Nikon ha sempre fatto della massima compatibilità del suo sistema un punto d'onore.
Da mezzo secolo non ha cambiato l'innesto degli obiettivi.
Abbiamo provato obiettivi e accessori di trent'anni fa con le nuove digitali.

1. Premessa
 

 

Premessa
Erano gli anni ottanta del secolo passato e le fotocamere meccaniche avevano raggiunto il loro massimo splendore. Il catalogo Nikon era il più fornito e contava un migliaio di voci. C'era tutto quanto il più maniaco dei fotografi potesse immaginare. I soli vetrini intercambiabili di messa a fuoco erano diciannove. Gli obiettivi contavano 4 normali, 12 grandangolari, 15 tele, 3 catadiottrici, 10 zoom, 11 obiettivi speciali. Questi comprendevano decentrabili, fish eye, medical e anche un luminosissimo Noct-Nikkor 58mm f/1,2, e 3 moltiplicatori di focale.
La compatibilità dei nuovi corpi macchina con tutto il catalogo precedente era totale. Mantenerla era il punto d'onore della casa giapponese. Tutto ruotava attorno a quell'innesto a baionetta inaugurato con la Nikon F del 1957.


Le moderne reflex digitali Nikon accettano tutti gli obiettivi delle serie meccaniche.
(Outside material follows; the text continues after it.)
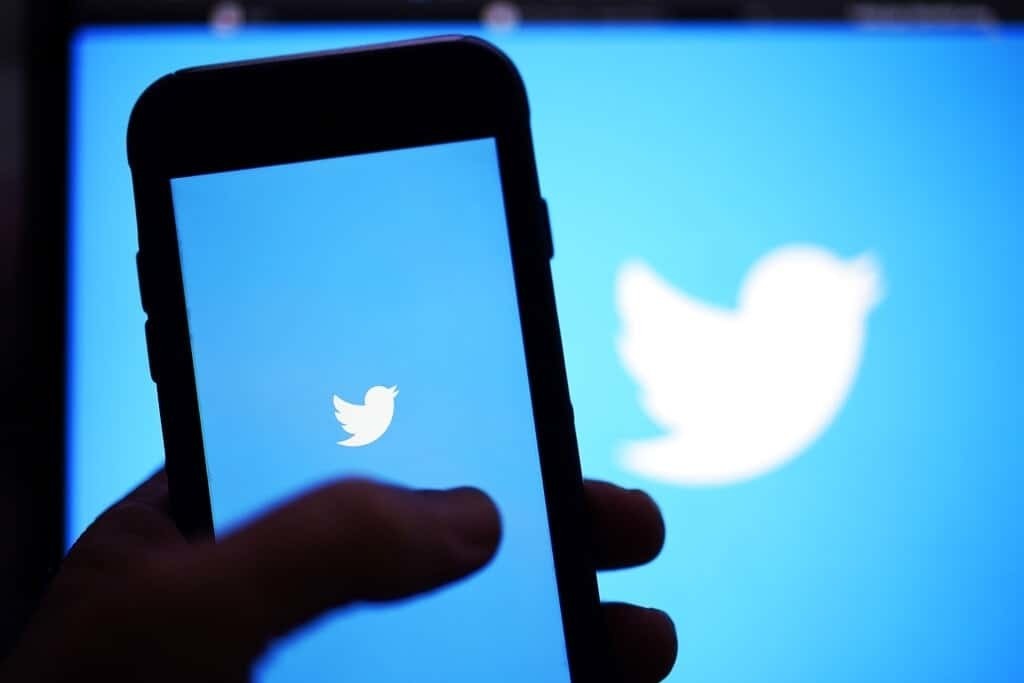 Preocupa a minorías posible eliminación de filtros en Twitter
Nella foto vediamo il 20mm, con l'innesto per il perno del Photomic, sulla moderna D100.

Sono passati quasi cinquant'anni, e resiste ancora. E' arrivato l'autofocus, è arrivato il digitale e gli ingegneri della Nikon hanno fatto salti mortali per mantenerlo, per non deludere chi aveva in borsa un corredo di obiettivi e accessori ancora funzionanti. Sono tanti. Un obiettivo, se non lo prendi a martellate, dura quanto la tua passione per la fotografia. A volte anche di più. Stessa cosa si può dire per gli altri accessori, che si usano di meno.

Il concetto che sta alla base della scelta Nikon è interessante e comporta un capovolgimento della normale prospettiva, con cui si guarda all'attrezzatura fotografica.
Si pensa al corpo macchina come al cuore del sistema, attorno al quale ruota tutto il resto: accessori e obiettivi. Per Nikon sono obiettivi e accessori il cuore, attorno al quale ruota, di volta in volta, un corpo macchina. Di tutta l'attrezzatura è questo che si consuma prima ed è sostituito con maggiore frequenza.


Anche i vecchi flash, come questo Metz 45, possono essere montati sulla Nikon D 100. La macchina non ha la presa sincro, ma si può ovviare con un semplice accessorio da infilare nella slitta a contatto caldo. L'automatismo TTL, ovviamente non funziona, ma l'automatismo del flash sì. Perciò non esistono difficoltà a scattare foto con flash di riempimento e flash cosiddetti lenti.

Guardiamo nella borsa di un professionista o di un appassionato che si dedica da anni alla fotografia: forse vedremo corpi macchina ultimo modello, difficilmente obiettivi e accessori dell'ultima generazione. I motivi sono due: obiettivi e accessori si usurano di meno e rinnovare l'intero corredo costa molto più che cambiare un corpo macchina.

Per non deludere chi le aveva dato fiducia nel corso degli anni, Nikon mantenne il vecchio innesto anche dopo l'introduzione dell'autofocus. E per continuare a non deluderli lo ha mantenuto dopo l'arrivo della fotografia digitale. Anche se questo le costò qualche ritardo, rispetto alla diretta concorrenza Canon.

Sono passati quasi cinquant'anni e la baionetta Nikon resiste impavida. Non è dei Nikonisti la frase: è arrivato il digitale e non so cosa mettere... sulla fotocamera!